'''
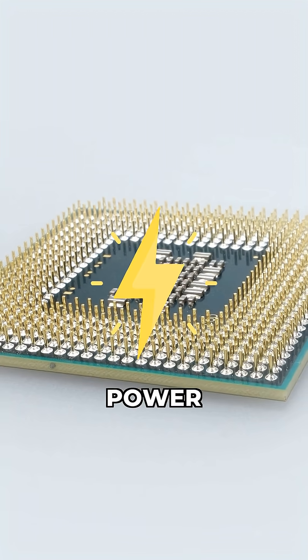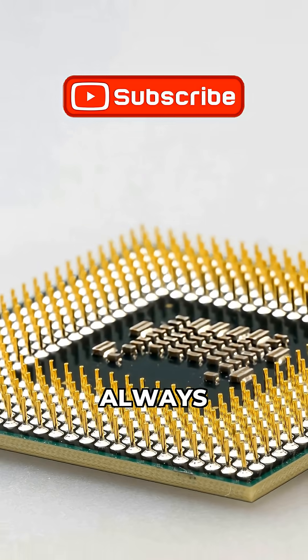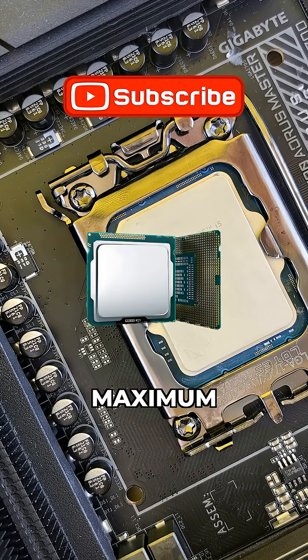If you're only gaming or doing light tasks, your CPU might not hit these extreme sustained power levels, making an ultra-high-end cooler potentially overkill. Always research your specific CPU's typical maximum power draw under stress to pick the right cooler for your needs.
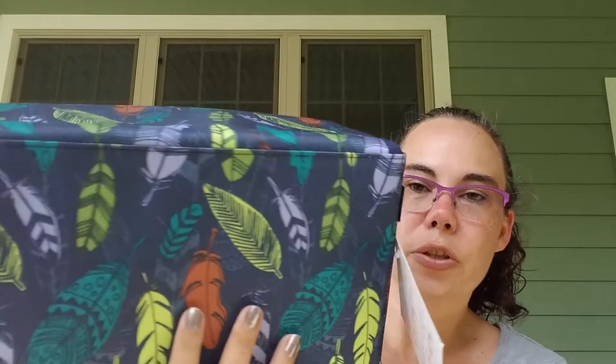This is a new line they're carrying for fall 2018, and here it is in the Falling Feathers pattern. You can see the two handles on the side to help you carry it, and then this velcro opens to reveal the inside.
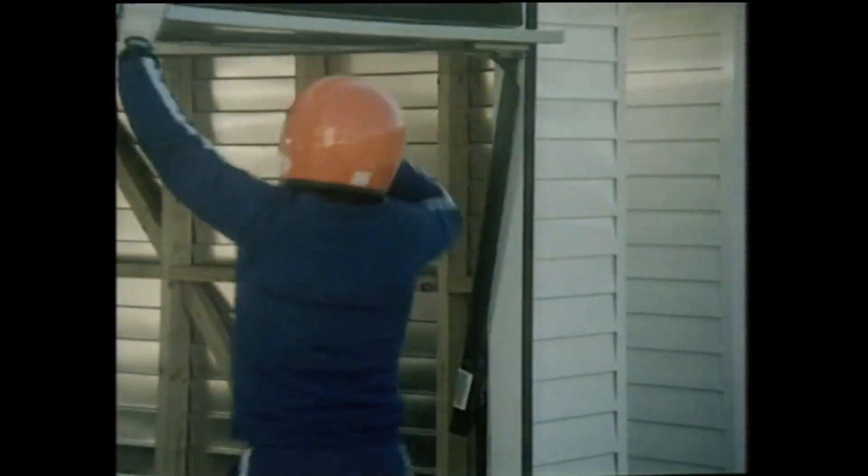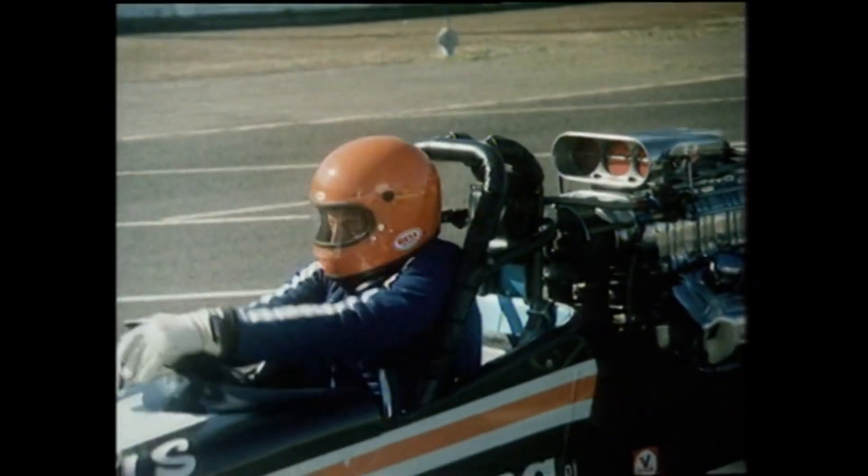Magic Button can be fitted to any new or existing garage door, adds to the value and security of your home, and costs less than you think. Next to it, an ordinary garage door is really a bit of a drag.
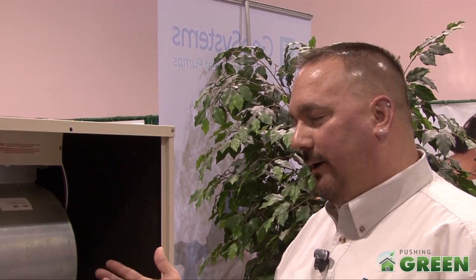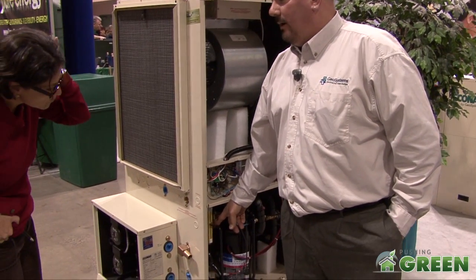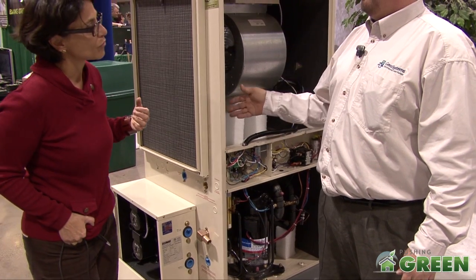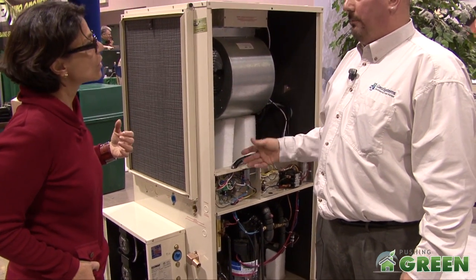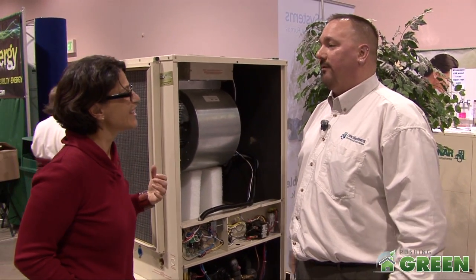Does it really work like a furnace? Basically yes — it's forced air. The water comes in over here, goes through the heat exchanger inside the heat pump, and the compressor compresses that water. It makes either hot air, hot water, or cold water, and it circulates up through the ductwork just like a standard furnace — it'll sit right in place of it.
'''
'''
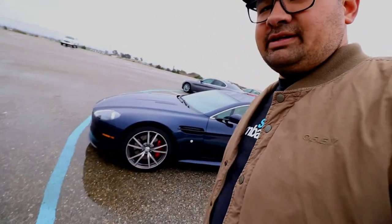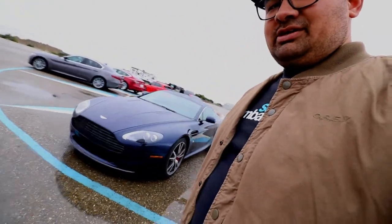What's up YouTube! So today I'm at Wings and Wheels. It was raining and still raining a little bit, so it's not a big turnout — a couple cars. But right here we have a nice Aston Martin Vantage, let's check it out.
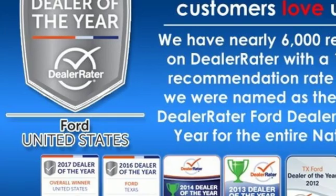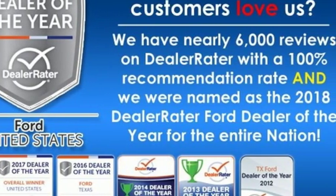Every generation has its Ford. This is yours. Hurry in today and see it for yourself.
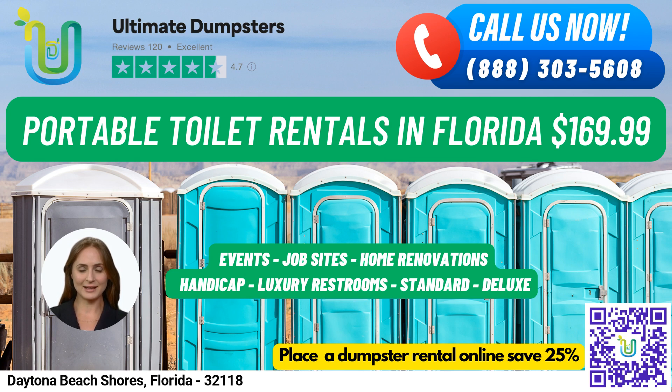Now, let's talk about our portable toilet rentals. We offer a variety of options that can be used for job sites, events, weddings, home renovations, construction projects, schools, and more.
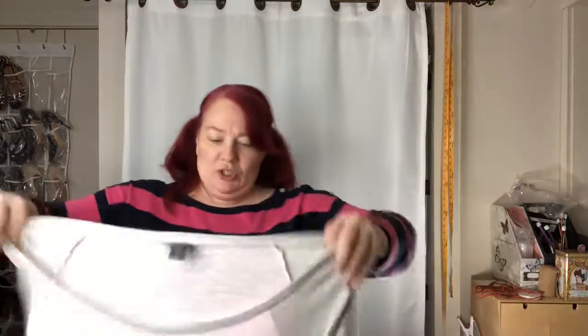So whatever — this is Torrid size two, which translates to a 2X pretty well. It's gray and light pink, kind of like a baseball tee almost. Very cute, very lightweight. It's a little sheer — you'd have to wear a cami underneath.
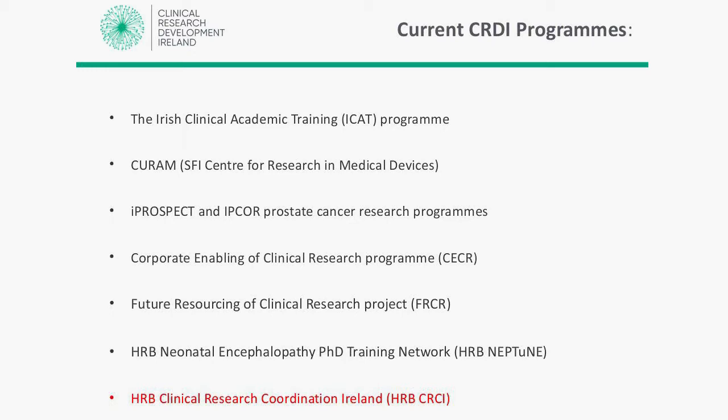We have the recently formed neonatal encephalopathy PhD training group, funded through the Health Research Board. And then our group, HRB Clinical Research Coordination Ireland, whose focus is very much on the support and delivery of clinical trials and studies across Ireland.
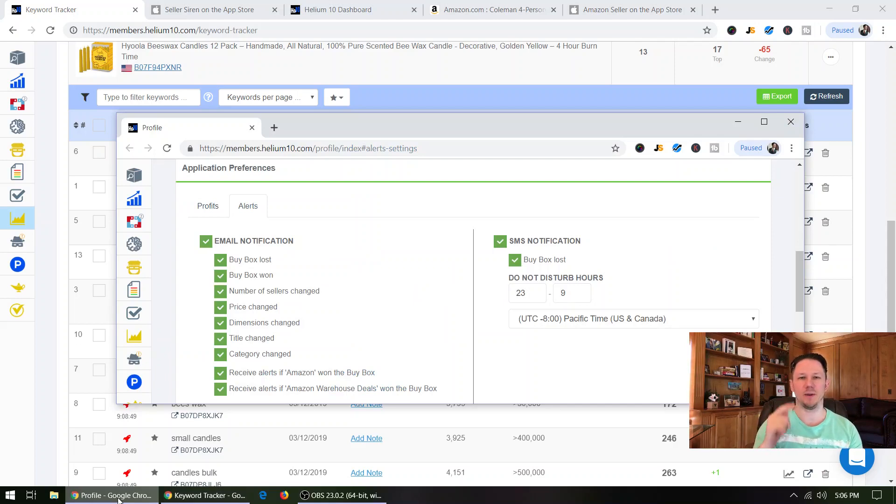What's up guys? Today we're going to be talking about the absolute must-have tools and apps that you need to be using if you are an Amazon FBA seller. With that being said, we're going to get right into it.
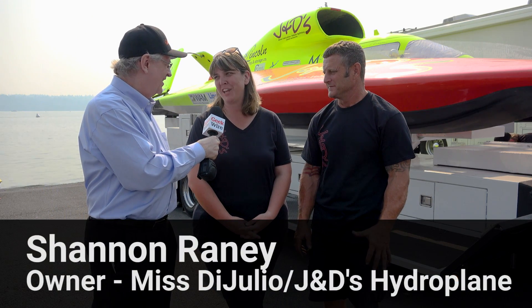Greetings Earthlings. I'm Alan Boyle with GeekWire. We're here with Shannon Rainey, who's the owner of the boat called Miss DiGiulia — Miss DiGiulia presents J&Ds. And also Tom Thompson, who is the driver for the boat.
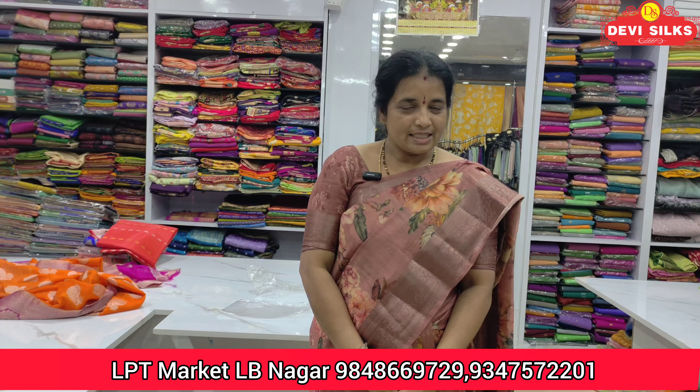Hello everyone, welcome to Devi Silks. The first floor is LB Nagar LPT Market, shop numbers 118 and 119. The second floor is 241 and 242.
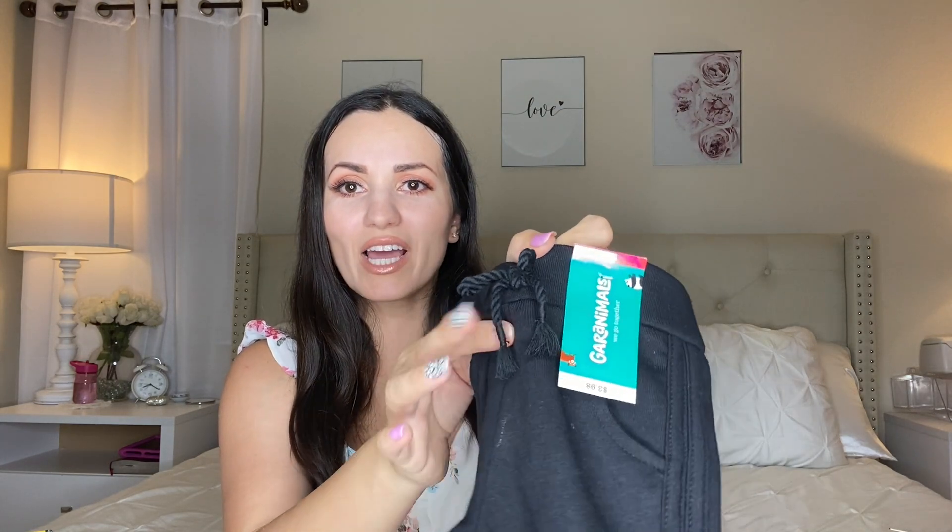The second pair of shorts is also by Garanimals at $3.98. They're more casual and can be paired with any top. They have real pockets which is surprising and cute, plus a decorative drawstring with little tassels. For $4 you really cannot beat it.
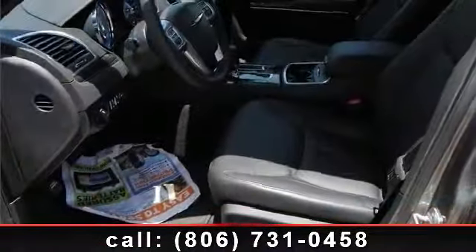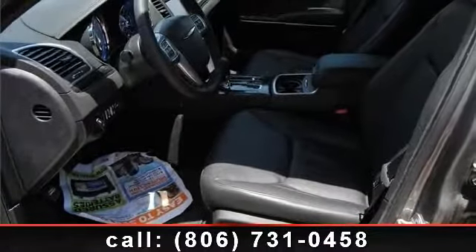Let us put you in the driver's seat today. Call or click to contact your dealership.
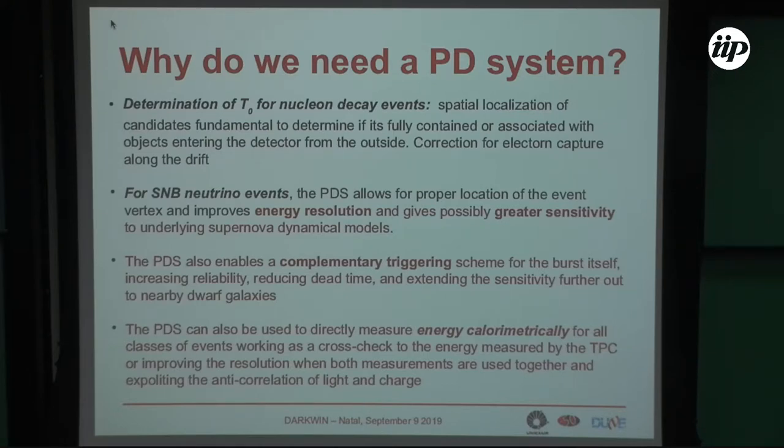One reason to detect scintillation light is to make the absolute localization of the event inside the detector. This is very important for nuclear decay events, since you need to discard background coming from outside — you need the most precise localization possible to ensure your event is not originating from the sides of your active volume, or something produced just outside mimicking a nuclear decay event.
'''
→ Required action: Write down exactly what the lines above say, from the line holding "Greetings Earthlings. I'm" through the line holding "One reason to", and nothing more. Do not copy the pictures.

→ Solution:
Greetings Earthlings. I'm Alan Boyle with GeekWire. We're here with Shannon Rainey, who's the owner of the boat called Miss DiGiulia — Miss DiGiulia presents J&Ds. And also Tom Thompson, who is the driver for the boat.
Hello everyone, welcome to Devi Silks. The first floor is LB Nagar LPT Market, shop numbers 118 and 119. The second floor is 241 and 242.
The second pair of shorts is also by Garanimals at $3.98. They're more casual and can be paired with any top. They have real pockets which is surprising and cute, plus a decorative drawstring with little tassels. For $4 you really cannot beat it.
Let us put you in the driver's seat today. Call or click to contact your dealership.
One reason to detect scintillation light is to make the absolute localization of the event inside the detector. This is very important for nuclear decay events, since you need to discard background coming from outside — you need the most precise localization possible to ensure your event is not originating from the sides of your active volume, or something produced just outside mimicking a nuclear decay event.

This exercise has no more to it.